Source data —
BEGIN
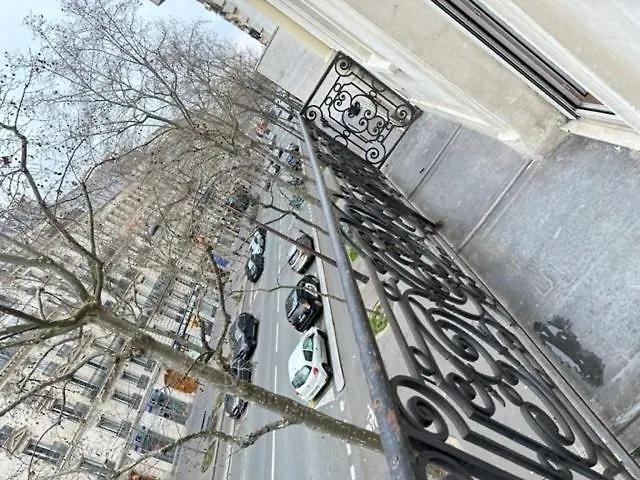 Appartement: Sci Immo Voltaire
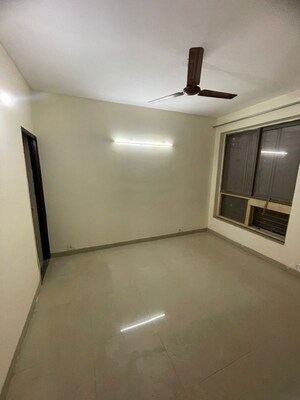 3 BHK Apartment For Rent in Unitech Uniworld Gardens 2, Sector 47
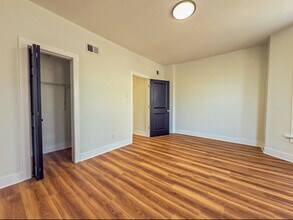 4925 S Champlain Ave in Chicago, IL - Building Photo - Building Photo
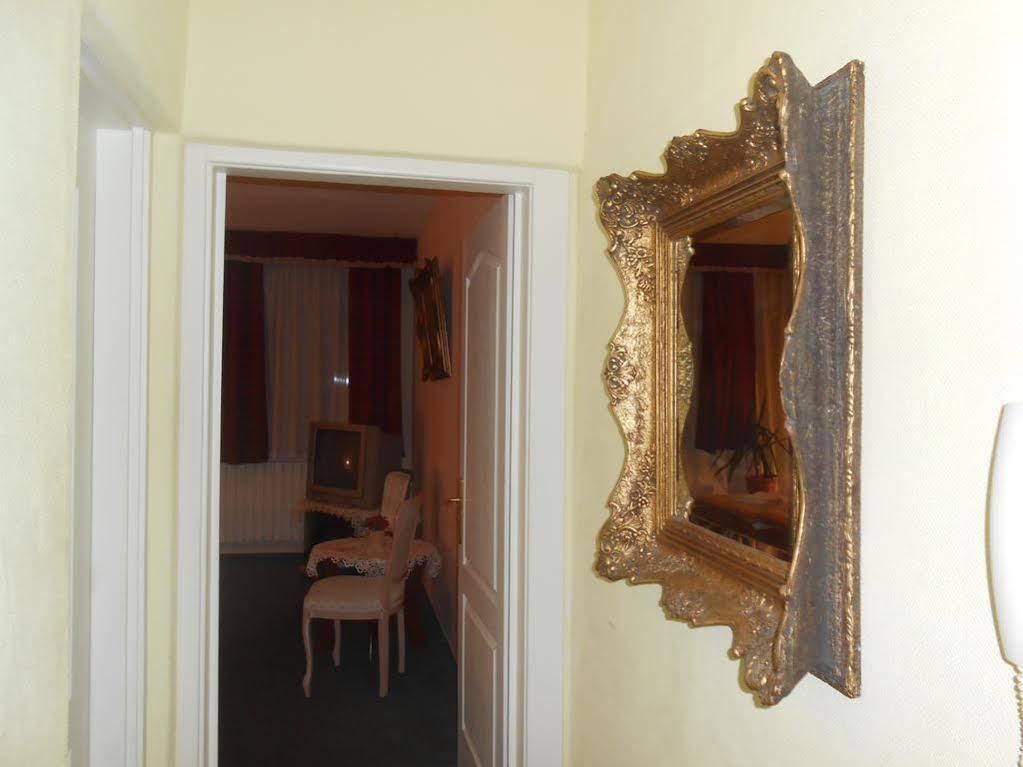 Kalman Panzio Bed & Breakfast Szeged Exterior photo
END
Exercise details — Only the pictures are to be left out; all other material is to be output exactly.

Response area —
 Appartement: Sci Immo Voltaire
 3 BHK Apartment For Rent in Unitech Uniworld Gardens 2, Sector 47
 4925 S Champlain Ave in Chicago, IL - Building Photo - Building Photo
 Kalman Panzio Bed & Breakfast Szeged Exterior photo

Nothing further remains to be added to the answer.